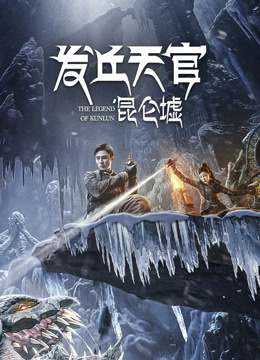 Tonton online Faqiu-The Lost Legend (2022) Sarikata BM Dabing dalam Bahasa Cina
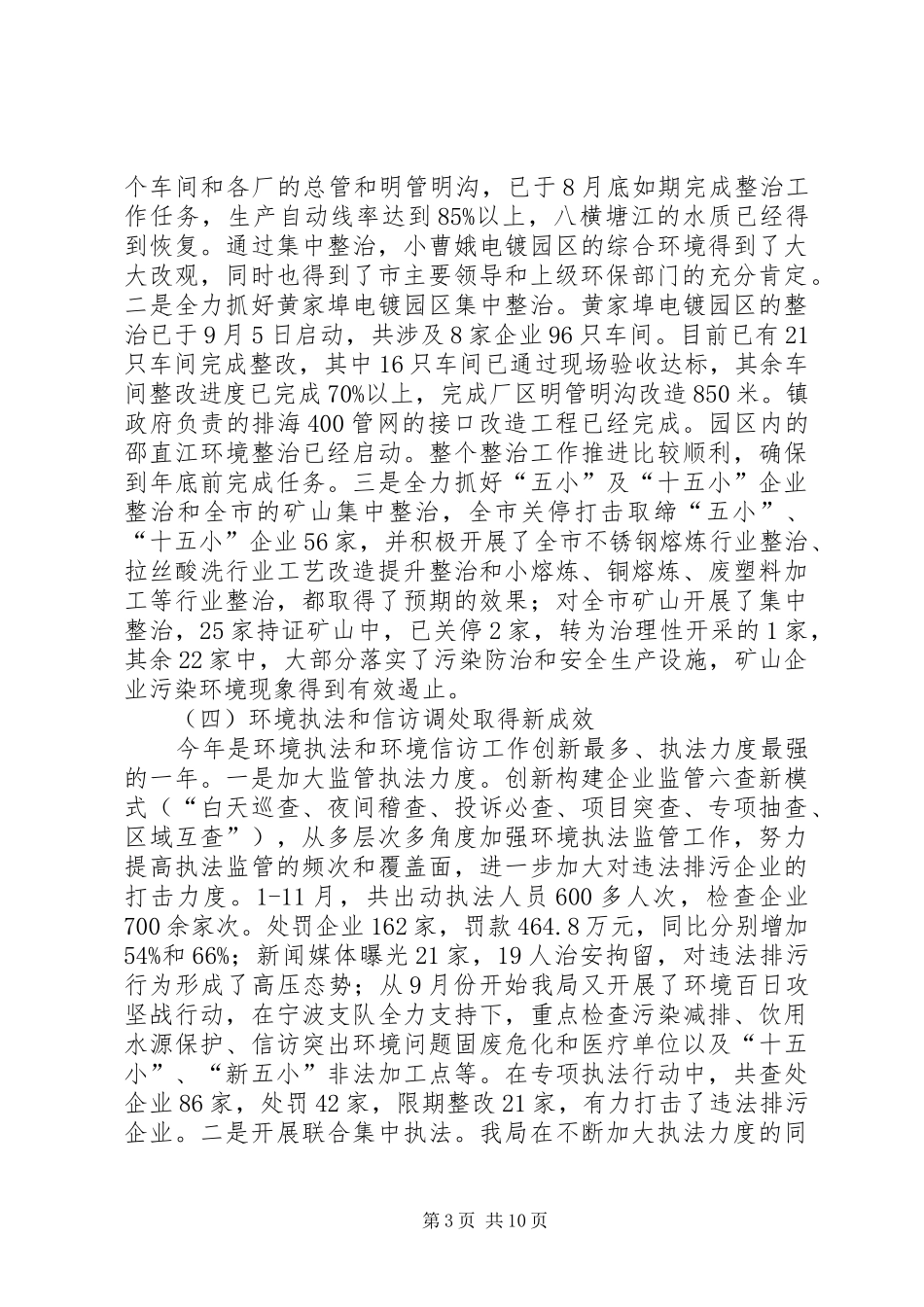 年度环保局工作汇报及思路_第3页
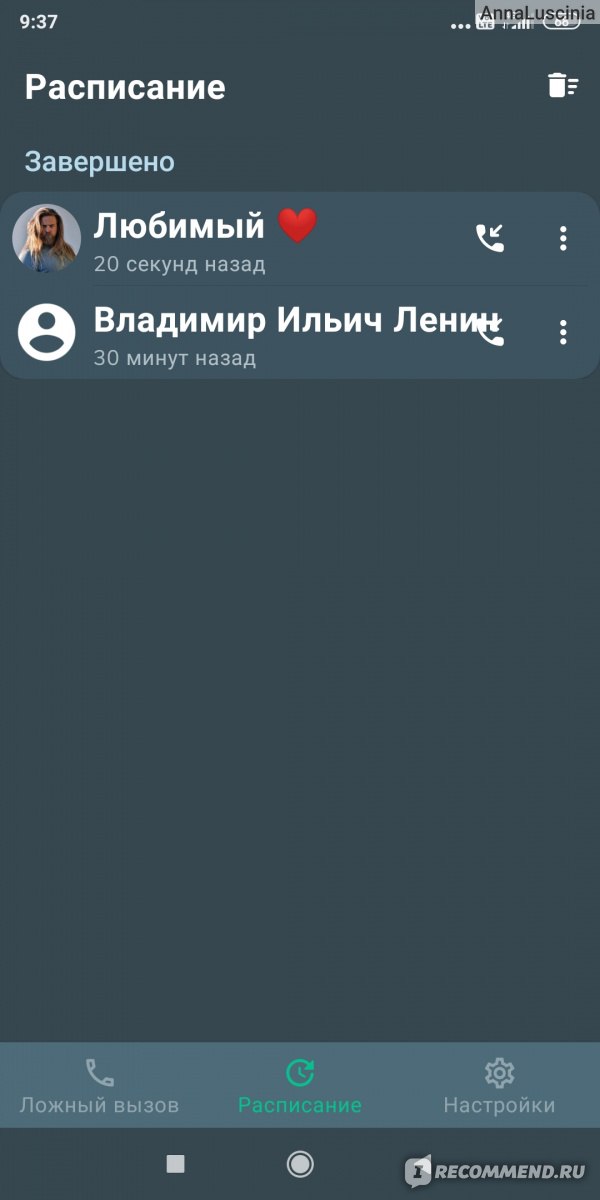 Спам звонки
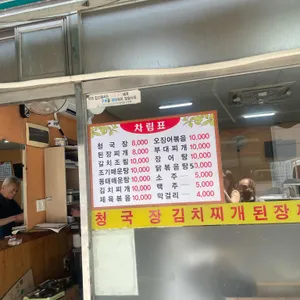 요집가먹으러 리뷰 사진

────

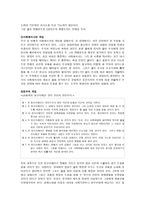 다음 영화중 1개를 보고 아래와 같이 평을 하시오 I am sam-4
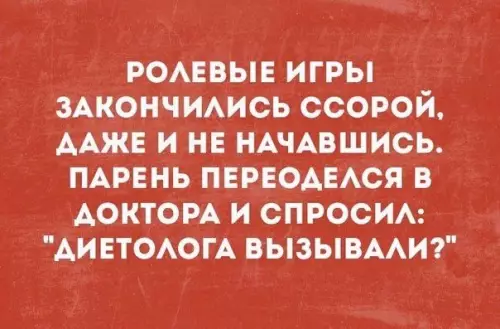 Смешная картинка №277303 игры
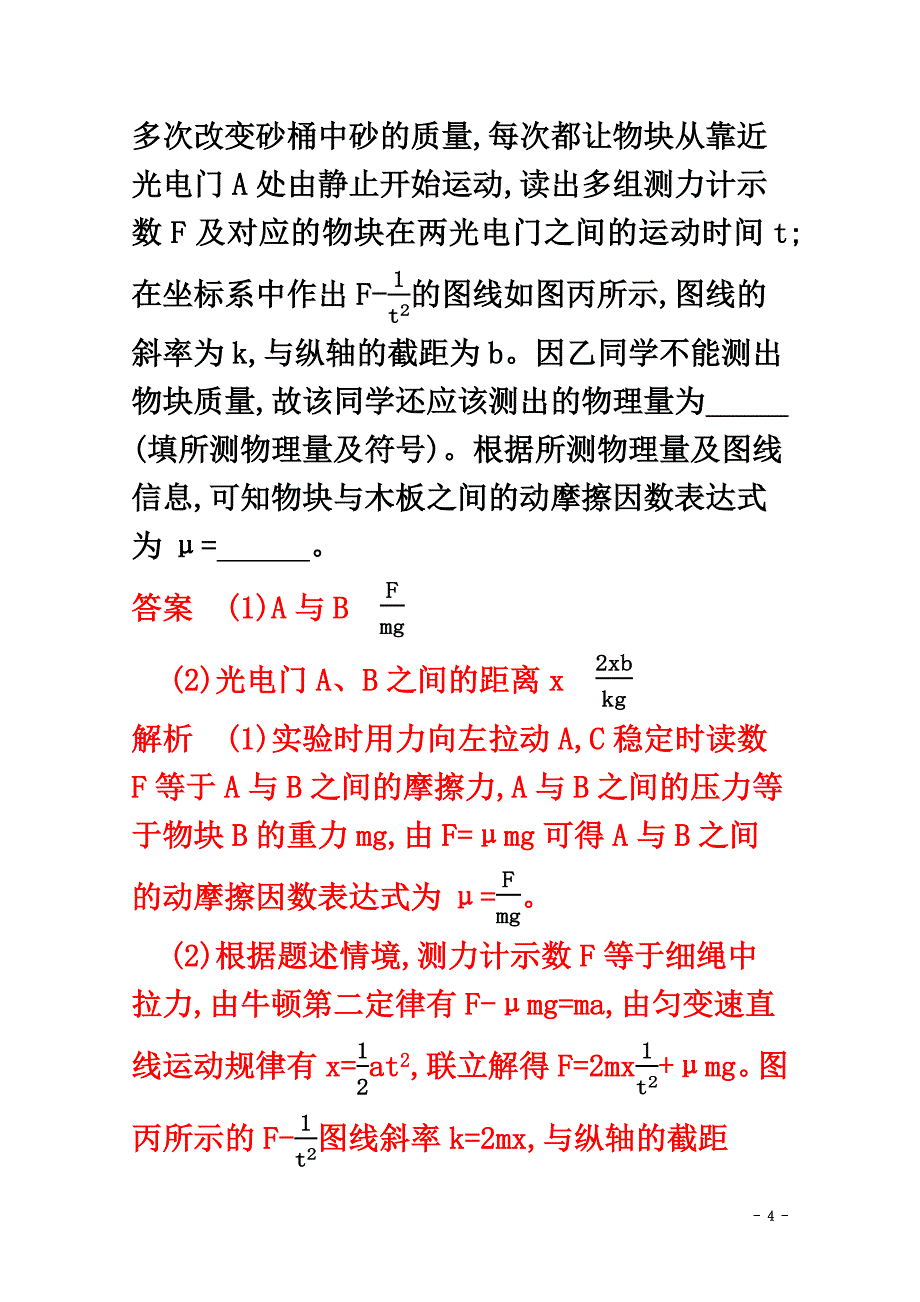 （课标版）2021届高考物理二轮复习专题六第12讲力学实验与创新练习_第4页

────

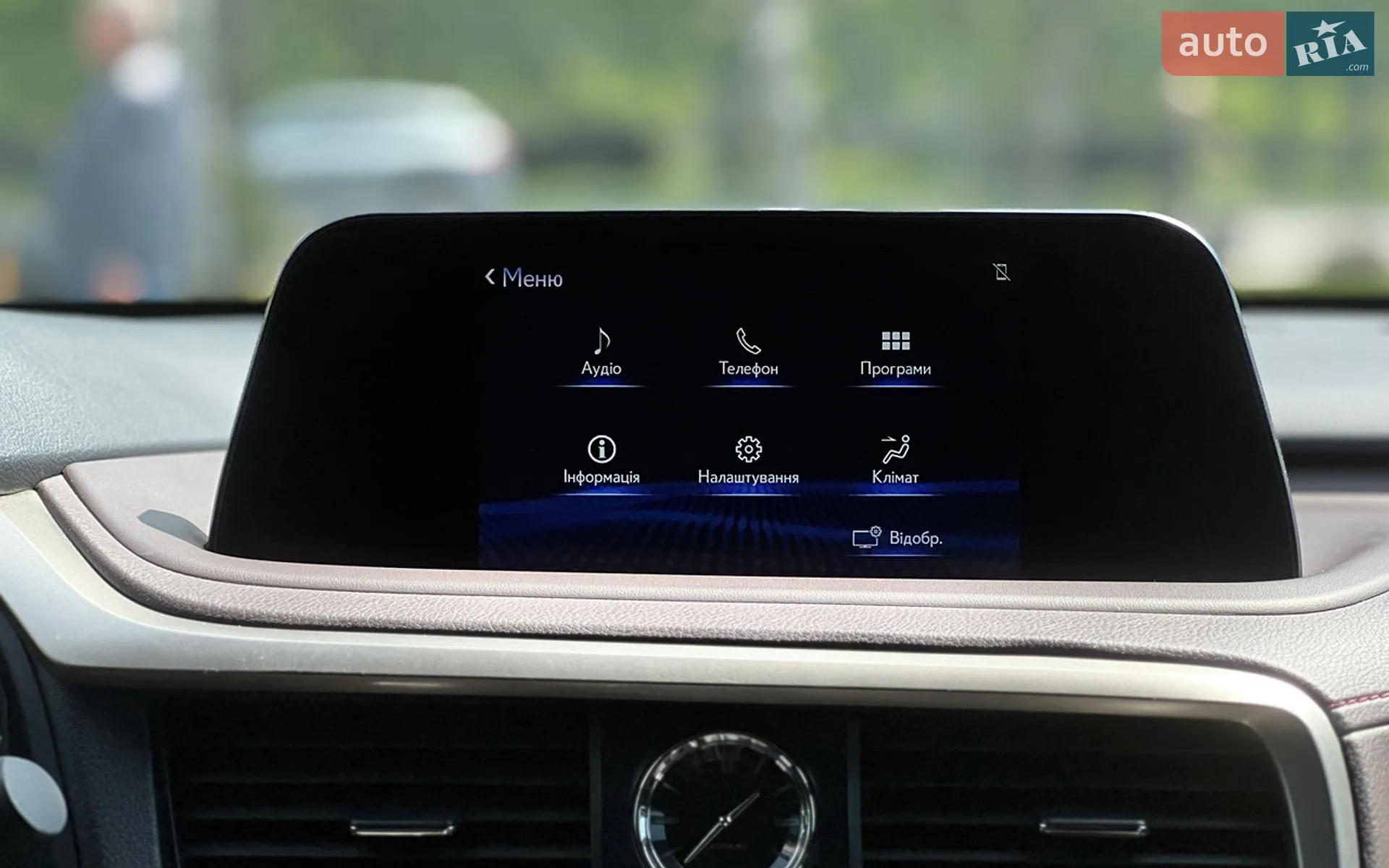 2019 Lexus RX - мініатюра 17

────

■ Problem:
Transcribe, word for word, the lines of the listing above from the one that contains "Tonton online Faqiu-The" through the one that contains "요집가먹으러 리뷰 사진", keeping both ends and dropping the pictures.

■ Exercise response:
 Tonton online Faqiu-The Lost Legend (2022) Sarikata BM Dabing dalam Bahasa Cina
 年度环保局工作汇报及思路_第3页
 Спам звонки
 요집가먹으러 리뷰 사진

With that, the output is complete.